* [MATERIAL FOR THIS TASK]:
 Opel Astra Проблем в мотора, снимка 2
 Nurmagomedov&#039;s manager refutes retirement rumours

==

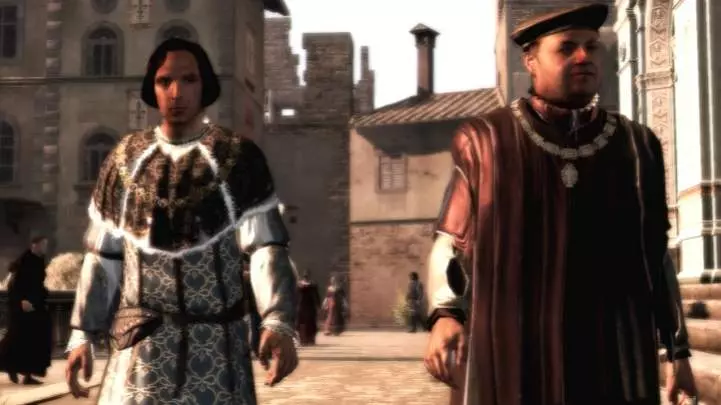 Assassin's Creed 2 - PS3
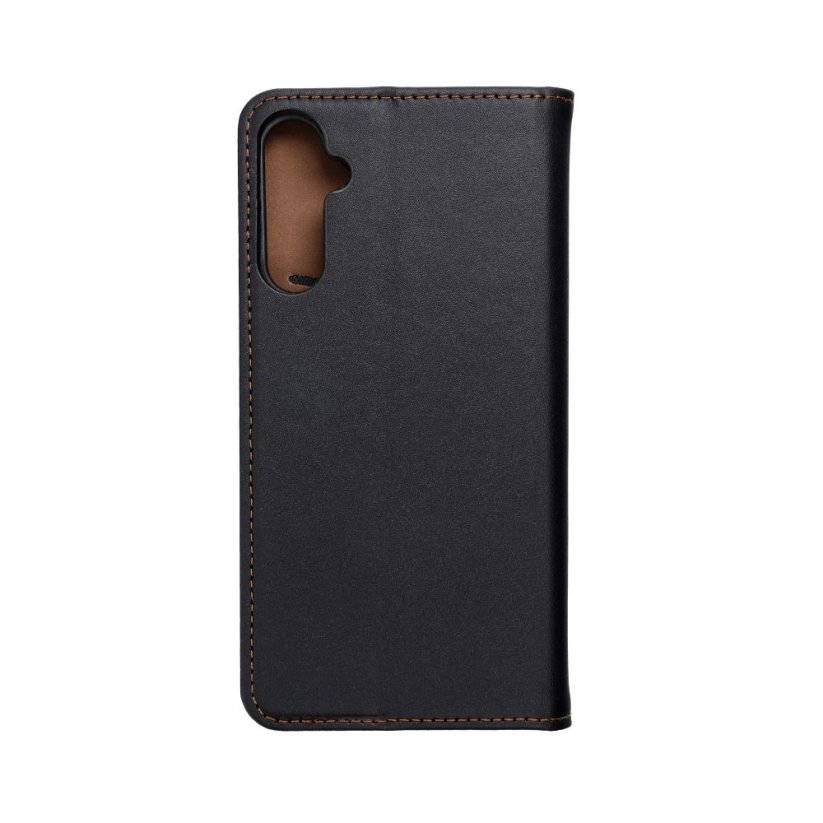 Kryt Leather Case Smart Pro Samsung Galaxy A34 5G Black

---

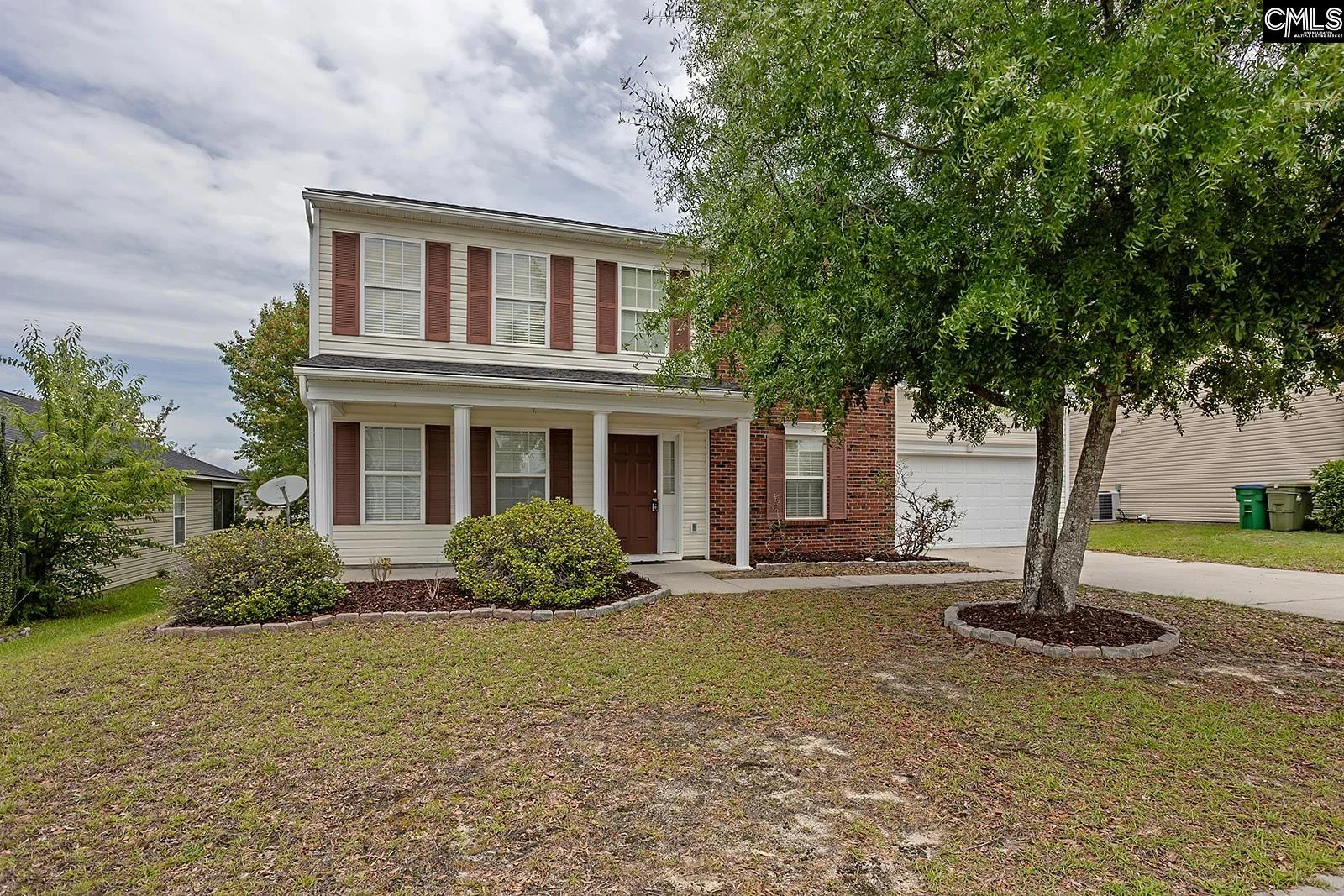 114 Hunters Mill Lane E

* [ASSIGNED TASK]:
An exact copy is needed of the entries above, starting at the line that holds "Assassin's Creed 2 - PS3" and stopping at the line that holds "Kryt Leather Case", both kept; pictures stay out.

* [REPLY TO THE EXERCISE]:
 Assassin's Creed 2 - PS3
 Kryt Leather Case Smart Pro Samsung Galaxy A34 5G Black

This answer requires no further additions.